These include what she calls the "anti-growth coalition" as well as the judiciary, the civil service, the "global left", and environmental and animal rights organisations.
[11] For the financial crisis that followed from her and Chancellor Kwasi Kwarteng's mini-budget, she blames the Office for Budget Responsibility, the Bank of England, and the Treasury.
[8] In the section about her time as Prime Minister, Truss talks about the difficulties she had living at 10 Downing Street, saying that the role involves presidential responsibility but without the necessary support.
[15] Patrick Maguire in The Times criticised the book as tedious and muddled, raising interesting questions but offering confusing or contradictory answers to them.
The Independent awarded one out of five stars, calling the book "one giant whinge" that inverted the facts about Truss's career in order to portray her as having done nothing wrong.
He interpreted the book as a story, not of powerful vested interests, but of a politician with "a simplistic mindset and a reckless temperament" who achieved little in her political offices.

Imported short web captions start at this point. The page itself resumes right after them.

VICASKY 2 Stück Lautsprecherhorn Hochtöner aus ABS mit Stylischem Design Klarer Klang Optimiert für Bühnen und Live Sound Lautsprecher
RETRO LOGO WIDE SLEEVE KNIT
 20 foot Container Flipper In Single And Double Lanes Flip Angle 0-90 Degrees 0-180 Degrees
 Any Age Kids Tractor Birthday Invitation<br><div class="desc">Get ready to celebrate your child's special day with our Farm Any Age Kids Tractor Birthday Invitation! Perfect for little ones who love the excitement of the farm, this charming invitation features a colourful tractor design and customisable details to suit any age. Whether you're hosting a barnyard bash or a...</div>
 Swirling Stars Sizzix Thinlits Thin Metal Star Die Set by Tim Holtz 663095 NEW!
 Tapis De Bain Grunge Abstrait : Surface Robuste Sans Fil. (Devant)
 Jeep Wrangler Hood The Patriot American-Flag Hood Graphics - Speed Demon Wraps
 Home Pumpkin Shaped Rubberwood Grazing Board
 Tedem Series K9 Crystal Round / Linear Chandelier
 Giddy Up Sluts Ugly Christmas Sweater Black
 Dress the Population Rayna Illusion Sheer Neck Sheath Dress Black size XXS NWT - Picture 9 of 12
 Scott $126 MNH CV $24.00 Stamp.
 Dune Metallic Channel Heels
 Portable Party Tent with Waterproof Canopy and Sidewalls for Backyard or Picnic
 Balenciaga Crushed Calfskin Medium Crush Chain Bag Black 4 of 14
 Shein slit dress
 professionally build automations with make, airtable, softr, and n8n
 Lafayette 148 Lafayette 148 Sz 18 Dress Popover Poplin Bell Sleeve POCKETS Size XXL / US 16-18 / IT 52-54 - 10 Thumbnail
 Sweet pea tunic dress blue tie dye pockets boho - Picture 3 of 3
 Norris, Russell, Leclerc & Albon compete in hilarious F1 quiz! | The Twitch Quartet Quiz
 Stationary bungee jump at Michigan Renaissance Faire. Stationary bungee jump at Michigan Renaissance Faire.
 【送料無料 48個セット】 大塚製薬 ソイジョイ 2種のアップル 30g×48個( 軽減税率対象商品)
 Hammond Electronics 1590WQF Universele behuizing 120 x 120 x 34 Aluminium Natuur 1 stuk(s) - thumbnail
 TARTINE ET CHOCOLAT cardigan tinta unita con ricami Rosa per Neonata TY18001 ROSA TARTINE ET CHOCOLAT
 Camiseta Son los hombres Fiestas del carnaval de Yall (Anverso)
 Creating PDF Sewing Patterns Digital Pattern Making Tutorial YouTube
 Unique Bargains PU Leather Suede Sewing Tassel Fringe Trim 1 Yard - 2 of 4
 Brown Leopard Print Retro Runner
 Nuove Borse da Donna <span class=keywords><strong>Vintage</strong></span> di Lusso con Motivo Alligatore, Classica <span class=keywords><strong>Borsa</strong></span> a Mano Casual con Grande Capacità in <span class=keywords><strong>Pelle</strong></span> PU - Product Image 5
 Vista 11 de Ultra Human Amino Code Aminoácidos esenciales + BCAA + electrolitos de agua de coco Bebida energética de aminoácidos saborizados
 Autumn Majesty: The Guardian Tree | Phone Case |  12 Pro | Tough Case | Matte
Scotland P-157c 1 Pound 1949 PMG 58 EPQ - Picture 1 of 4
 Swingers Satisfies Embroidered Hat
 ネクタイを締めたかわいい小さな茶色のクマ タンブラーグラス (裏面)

[16] Andrew Rawnsley, writing for The Guardian, described it as an "unintentionally hilarious" book characterised by intense self-pity combined with a lack of self-reflection.
[10] Stuart Jeffries, also from The Guardian, called the book "unstoppably self-serving" and "cliche-ridden", saying that its purpose, like that of many other political memoirs, is to rewrite history for the benefit of an author unable to accept responsibility.